Sometimes I feel like we’ve descended into Hell. Or, more accurately, that Hell has risen from the depths and we’re living with it here on Earth. I expressed this to my father and he told me it wasn’t true. “God wouldn’t allow children born into Hell,” he told me. Instead, he said we’re in Purgatory. We’re doing a lot of waiting to atone for our past sins. I admire the optimism, because my pessimistic side tells me things are about to get a lot worse before they get better.
I do believe we create our own realities. What we feel and what we hope for can actually be set into our timelines, as long as the intentions are good and sincere. In essence, we will end up with what we deserve. I’ve mentioned this before, but while I do feel truth and righteousness will win out, I have a lot of trouble feeling it for myself. I sometimes wonder if I’m the one whose happiness has to be sacrificed in order for the world to prevail. That sounds terribly arrogant and solipsistic, and I’m really not trying to come off that way. I guess I’m just starting to settle into my station in life. Me flying solo for the rest of my life feels like an actual possibility at this point, so I may as well see what kind of good for others can come out of it.

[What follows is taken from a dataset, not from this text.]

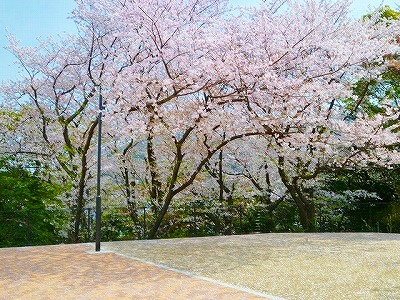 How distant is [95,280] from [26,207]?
10.6 meters

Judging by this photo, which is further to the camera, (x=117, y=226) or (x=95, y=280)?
(x=117, y=226)

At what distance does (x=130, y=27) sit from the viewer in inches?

But I have to be cautious if this is the way I want to go. Because if I do see myself as some sort of sacrificial lamb for the world, I won’t get credit for it. I feel that should the world change because of me (this should be read with a severe eye roll), no one will know why. They’ll just know that things are different. But I’ll know. And I won’t have anyone to talk about it with. But that shouldn’t worry you. It’ll be a cross I have to bear. And believe me, all this religious imagery isn’t lost on me. It worries me too. But these are feelings that I grapple with the more I examine my current lot in life.

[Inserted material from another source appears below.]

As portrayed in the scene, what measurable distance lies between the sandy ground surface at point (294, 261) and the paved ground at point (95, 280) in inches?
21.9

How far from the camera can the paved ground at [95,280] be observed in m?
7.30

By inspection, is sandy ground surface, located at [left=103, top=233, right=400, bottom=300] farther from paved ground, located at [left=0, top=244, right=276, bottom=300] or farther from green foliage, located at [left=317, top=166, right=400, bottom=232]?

A lot of this feels rooted in my desire to want to feel sorry for myself. It sometimes feels good to wallow in your own pain. This is something my mother made clear to me on one of my darker days, but said it’s only up to me to bring myself out of it. Maybe I have to sacrifice this feeling of wanting to wallow in order to get what I want. After all, the world’s going to keep turning no matter what choice I make. So why not try for better ones? I’m not resigned to a life that’s not wholly satisfying, am I?
No. There’s no way. Because that actually would be Hell. At least we can escape Purgatory.